Tara has filled us in with the best and worst case scenarios that the doctor shared. It is too much to share here, but once we know for certain, we will share. Bode's quality of life should not be impacted at all--Tara says no matter the outcome, however whatever he has is not curable, only treatable in the doctors eyes.

Bode is snoring with Chicklette cuddled up with him so I think I will go join in.

Tara asked me to thank all of you for your continued support and prayers. The texts, calls, emails, and Facebook messages have been very appreciated.

Bode (along with Tara and I) know our clients are missing him as much as he misses them, but right now he is not able to be in the office.

Until the next update...

Abbey

Waiting...

Just to update our friends, family, and clients...Bode left with "dad" this morning at 830 to get to the vet by 930. The specialist is pretty far from our house! We have been waiting since then. Tara couldn't stand it anymore, or maybe it was a combo of mine and Chicklette's pacing along with the waiting, so she called the vet around 230. They stated Bode had not had the procedure done yet for a number of reasons, but he was ok and laying calmly in a crate. The vet shared that they would begin the procedure within the hour and that it should not take anymore than an hour. It is now almost two hours later, so we are hoping for a phone call soon....or Tara will probably call again!

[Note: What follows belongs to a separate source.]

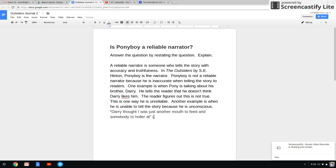So you're going to put a parenthesis — that's that thing right there. We're going to put the last name of our author, which is Hinton, and we are going to put the page number, and then we are going to put the closing parenthesis. And there's our period right there.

We will let you know as soon as we can! The vet said the plan is still for Bode to come home tonight...

until later...

Abbey

Saturday, February 4, 2012

Thanks for the birthday messages...my birthday wish...

Wow, I am so overwhelmed with all the birthday messages and emails I received this week, along with get-well messages. It makes Tara, and our whole family, feel supported while we are trying to find out what is going on with me.  So far being 6 is great...yes, I know it has only been 4 days!
My birthday stuffed toys

I am starting to get very nervous about Monday's endoscopy, however I believe Tara is more nervous. You'd think she was the one that was having to go through it. Continued prayers are very welcomed. I am hoping that I feel well enough to get my annual birthday cookie from the Cape Dog Bakery soon...don't get me wrong, I LOVE my new stuffed toys too, but those yogurt frosted cookies that we get for our birthdays are so delicious!
My new "baby"

I have been taking time to read up on what Abbey has been blogging and wanted to add to it. My birthday wish is for all dogs to have a chance at life and not be judged just by the breed they are. Isn't that like what humans call discrimination when someone looks different than the other?
The girls were wishing they had new toys too!

The new McDonald's ad sure isn't helping. I used to love sneaking a french fry here and there, but they no longer get mine (or Abbey's) support. Their latest add is horrible! It compares their new chicken to a stray pit bull (here is the radio ad version: McDonald's Pit Bull Ad). It would be one thing to say "stray dogs", but to specify pit bulls is not okay at all!

Let's focus on not discriminating. Look at this link that shows how a pit bull saved a veteran from taking his own life (Pit Bull Saves Veteran).

I will try to help Abbey keep up with the blog, but I am still not feeling great and it has taken me two whole days to write this blog entry!